Edward Said, Palestinian/American intellectual, resident in the US, died of leucaemia on September 25th. A prominent Palestinian activist and a literary critic, he worked as a comparative literature professor at Columbia. He was born in Jerusalem, raised in Cairo and Lebanon, educated in the US and is described as Palestinian Christian.

As an indymedia activist and one of the people who read some of his books and articles, I'm sad that he is gone and will miss his voice. Edward Said showed that there is a way to throw radical critique at the Israeli government without going down the road of antisemitism - and being a renowned he was heard.

Edward Said
Edward Said


His advocacy for the Palestinian cause went beyond intellectual criticism. For academics, Said provided "a model for being engaged in political activities outside the university" (Grant Farred). For example, he helped Yassir Arafat, the PLO leader, to write his 1974 speech before the United Nations. To his fundamental rejection of Zionism, he added the idea of Palestinian-Israeli coexistence. Consequently, he broke with Arafat over the PLO's signing of the 1993 Oslo Accords. Said advocated a single-state solution whereby Jews and Palestinians would live jointly in a nonsectarian nation (boston.com).
Saids activism was the activism of an intellectual. 2 months after ISM activist Rachel Corrie was killed in Gaza, he met her parents and sister and published an article about the meaning of her activism in the US radical intellectual magazine counterpunch.
The only reference to something that bears similarity to „direct action" in a narrow sense was an incident in 2000, when Dr.

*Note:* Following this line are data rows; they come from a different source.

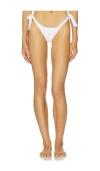 Indah Terra Side Tie Bikini Bottom In White
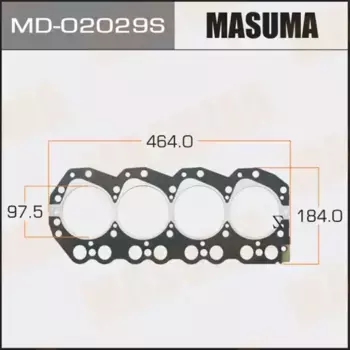 Прокладка ГБЦ MASUMA MD-02029S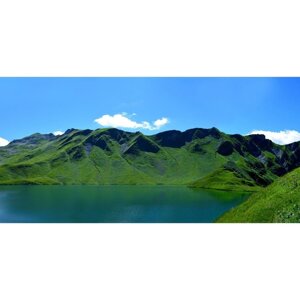 Фотосетка, 320 155 см, с фотопечатью, «Озеро и горы-2»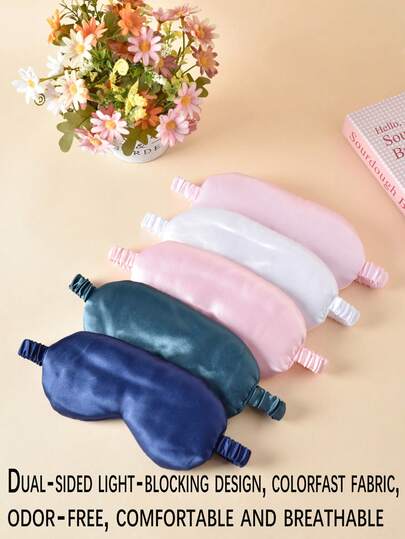 1个双面丝滑睡眠眼罩，双面遮光设计，亲肤面料，不褪色，无异味，舒适透气，适合旅行、办公、午睡等场合。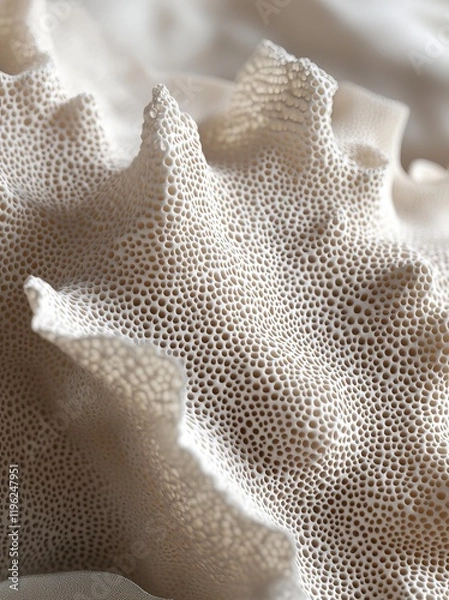 Obraz Close-up of a delicate, white coral with a textured surface.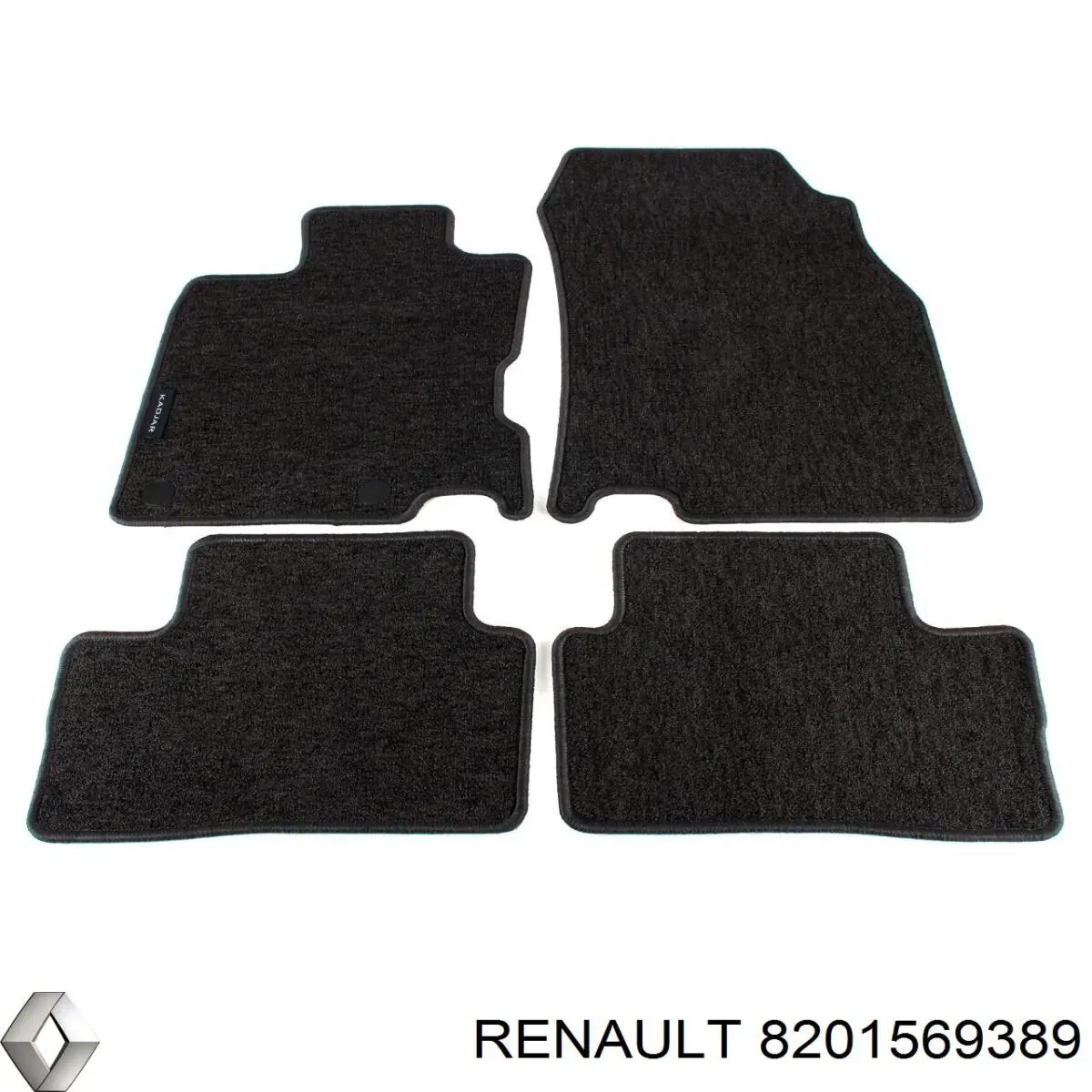 Комплект ковриков Renault (RVI) 8201569389 цена, от 48.20 USD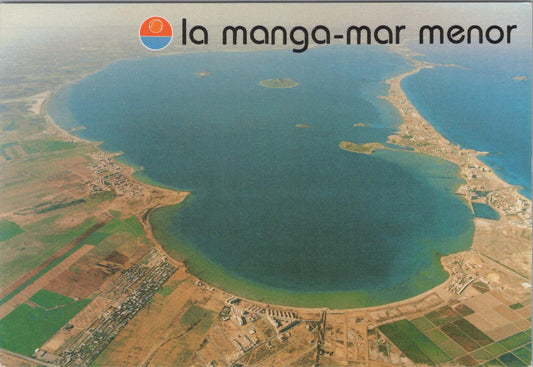 Spain Postcard: La Manga Mar Menor Murcia Aerial View  XT3249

Said threw a rock (or, as he said, a pebble) at an Israeli guardhouse on the Lebanese border - an action that sparked off controversy. However, Tanweer Akram said that "Professor Said would be proud of the initiatives of the younger generation of Palestinian scholars and activists, and solidarity groups, such as International Solidarity Movement."
In a 1999 Globe interview, Dr. Said was asked whether he ever resented the time he devoted to politics at the expense of his literary work. "I've always felt that if someone was a person of privilege . . . the least you could do was help those who were not as fortunate as you. I've always thought that Palestine was a service . . . not something about political parties or positions or organizations, but rather an individual commitment. Which I don't regret at all."

Reading through the obituaries, I get the impression that maintaining friendships must have been an important part of Said's way of live - or, as Ahdaf Soueif puts it, "Edward and his 3,000 close friends".
One of these close friends was the Israeli/Argentinian conductor Daniel Barenboim. Together they set up the "West-Eastern Divan," an orchestra of musicians from across the Middle East which also performed in London. This year, Barenboim played a concert in Ramallah.
Barenboim about Said: "He was one of those rare people who was permanently aware of the fact that information is only the very first step toward understanding. And he always looked for the "beyond" in the idea, the "unseen" by the eye, the "unheard" by the ear."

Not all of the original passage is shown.